The 27-year-old Australian matched up against a stacked field in the Diamond League event, besting Britain’s Olympic silver medallist Laura Muir and America’s 3,000m indoor world champion, Elle St Pierre into silver.

Hull smashed her personal best by 1.32 seconds, running 3:55.97 to finish second to Ethiopia’s World Championship silver medallist Diribe Welteji.

Welteji ran a personal best to claim victory in the event, storming home in 3:53.75.

Hull’s Australian teammate Linden Hall ran 4:01.97 to finish 12th.

In a similarly stacked women’s 800m final, Britain’s Keeley Hodgkinson ran 1:55.78, the fastest time in the world this year, to beat Kenyan world champion Mary Moora into second.

Keely Hodgkinson has a collection of silver medals from major championships, but wants to go one better in Paris.(Getty Images: Steph Chambers)

Australia’s Catriona Bisset finished in sixth with a season’s best time of 1:58.44.

“That [800m] final in Paris is going to be insane,” Hodgkinson, a two-time World Championship silver medallist and runner up at the last Olympic Games, said.

“I just hope to be part of it and really challenge for the top place.”

In the 5,000m, Lauren Ryan finished 15th in 15:03.63 as Ethiopian runners swept the top six places, with Tsigie Gebreselama running a new world-leading time of 14:18.76.

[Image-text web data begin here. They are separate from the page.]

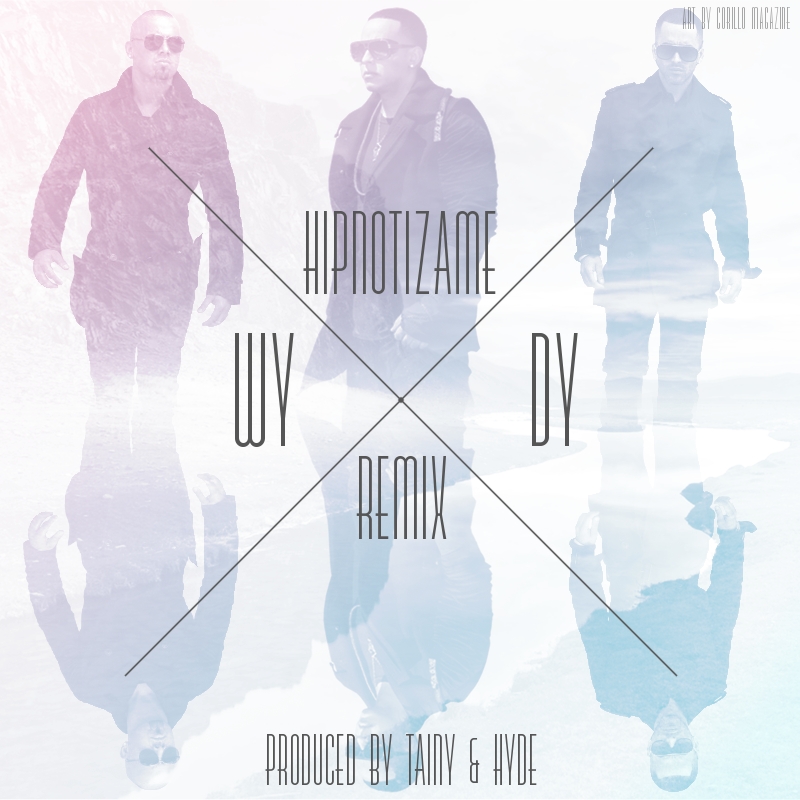 Wisin & Yandel Ft. Daddy Yankee – Hipnotizame (Remix)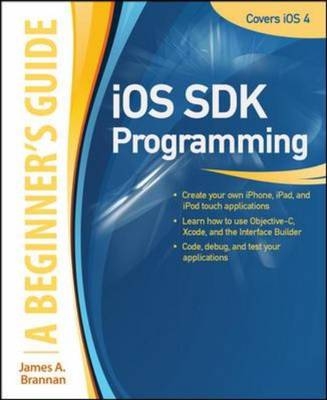 iOS SDK Programming A Beginners Guide -  James A. Brannan,  Blake Ward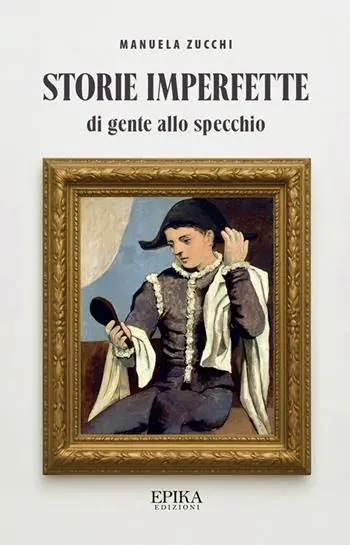 Storie imperfette (di gente allo specchio) Ultima Occasione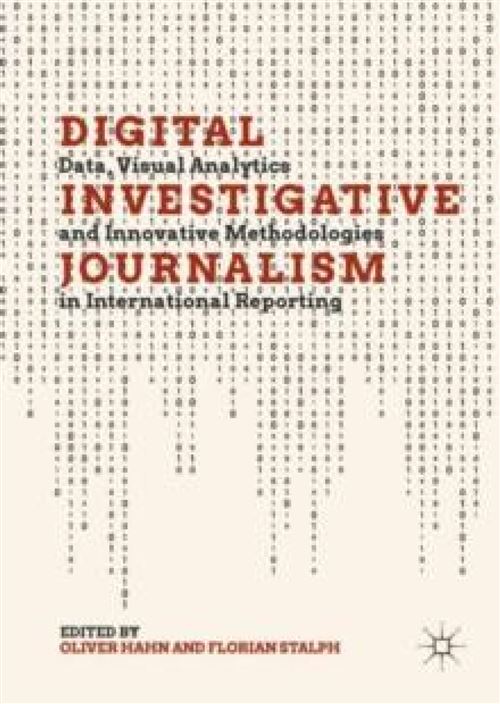 Digital Investigative Journalism: Data, Visual Analytics And Innovative Methodologies In International Reporting (English Edition) Format Kindle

Earlier, Kenya’s Beatrice Chebet set a world record in the 10,000m, running a stunning 28 minutes, 54.14 seconds to beat the previous record of 29.01.03 set by Ethiopia’s Letesenbet Gidey in 2021.

Men’s mile takes centre stage

First blood goes to Josh Kerr in an Olympic year.(Getty Images: Steph Chambers)

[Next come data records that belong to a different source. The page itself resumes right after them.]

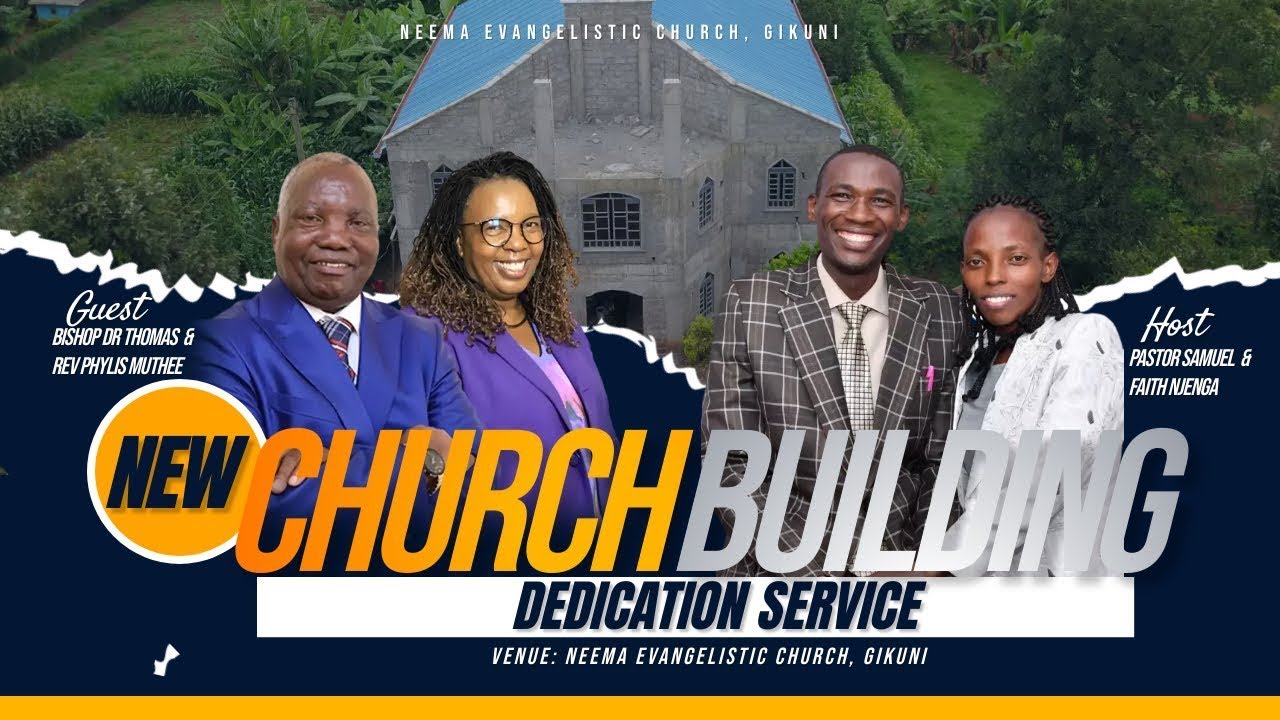 NEEMA CHURCH DEDICATION | Bishop Dr. Thomas & Rev Phyllis Muthee | Pastor Samuel & Faith Njenga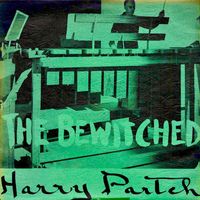 Harry Partch - The Bewitched (Remastered)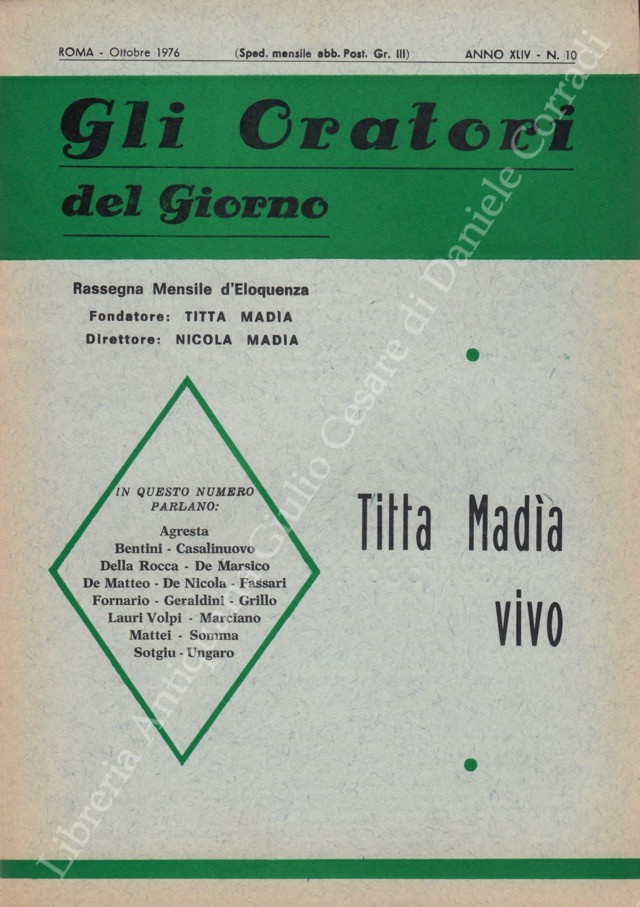 Gli oratori del giorno. Rassegna mensile d'eloquenza. Anno XLIV - Numero 10. Ottobre 1976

Gone are the days of the 100 metres taking centre stage as the final event on the program — in 2024, middle distance is king.

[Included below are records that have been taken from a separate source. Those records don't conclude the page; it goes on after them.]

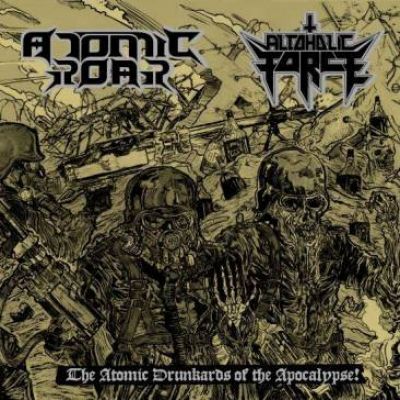Atomic Roar / Alcoholic Force - The Atomic Drunkards of the Apocalypse!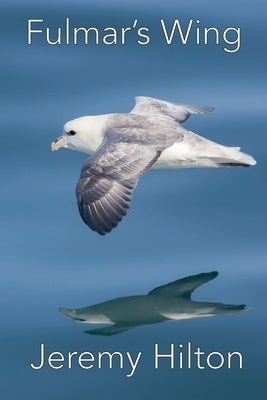 Fulmar's Wing by Hilton, Jeremy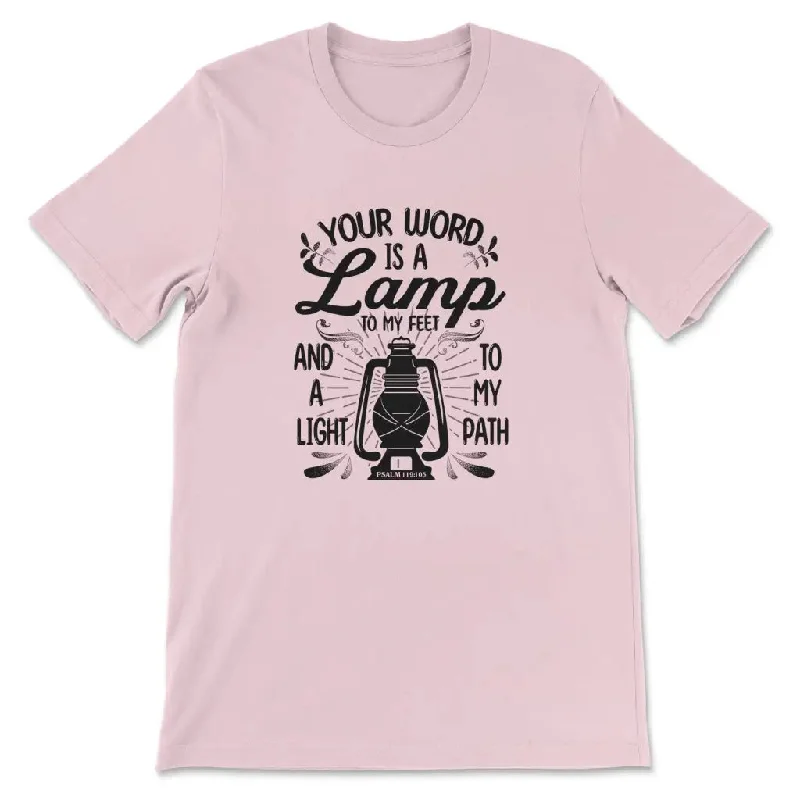 your-word-is-a-lamp-to-my-feet-psalm-119-105-t-shirt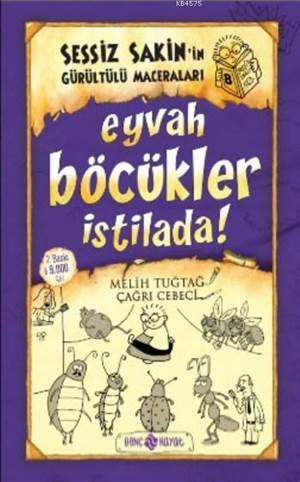 Sessiz Sakin'in Gürültülü Maceraları 8 - Eyvah Böcükler İstilada ! - Genç Hayat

The finale of the Eugene event was the men’s mile, arguably the deepest field ever assembled for the non-Olympic distance and a precursor to what is expected to be the most anticipated race on the purple track of the Stade de France in August at the Paris 2024 Olympics.

In one of the deepest fields of all time, outspoken Olympic 1,500m champion Jakob Ingebrigtsen lined up against bitter rivals Josh Kerr and Jake Wightman, as well as Commonwealth Games champ Ollie Hoare of Australia.

Kerr and Wightman are the Scots who stunningly beat the Norwegian to the last two world championship titles, which led to a stunning war of words — mainly coming from Ingebrigtsen.

The brash 23-year-old claimed he was sick at the 2023 world titles in Budapest and could have beaten “just the next guy” Kerr “blindfolded” on a normal day.

Kerr, meanwhile, said Ingebrigtsen had “flaws on the track and in the manners realm” and he seemingly exposed them once again, beating his bitter rival in their first meeting since the 2023 World Championships and laying down a huge marker ahead of the Olympics.

The Scotsman ran from the front in the final lap to post a new British record time of 3:45.34, edging Ingebrigtsen into second, just 0.26 seconds behind.

“With 600 [metres] to go, I thought, you know what, why not, why not take it on and press and scare myself a little bit?” Kerr said after the race.

The depth of the field was illustrated by Hoare’s 3:49.11 only being good enough for ninth place, with Cameron Myers’ personal best time of 3:50.15 placing him 11th.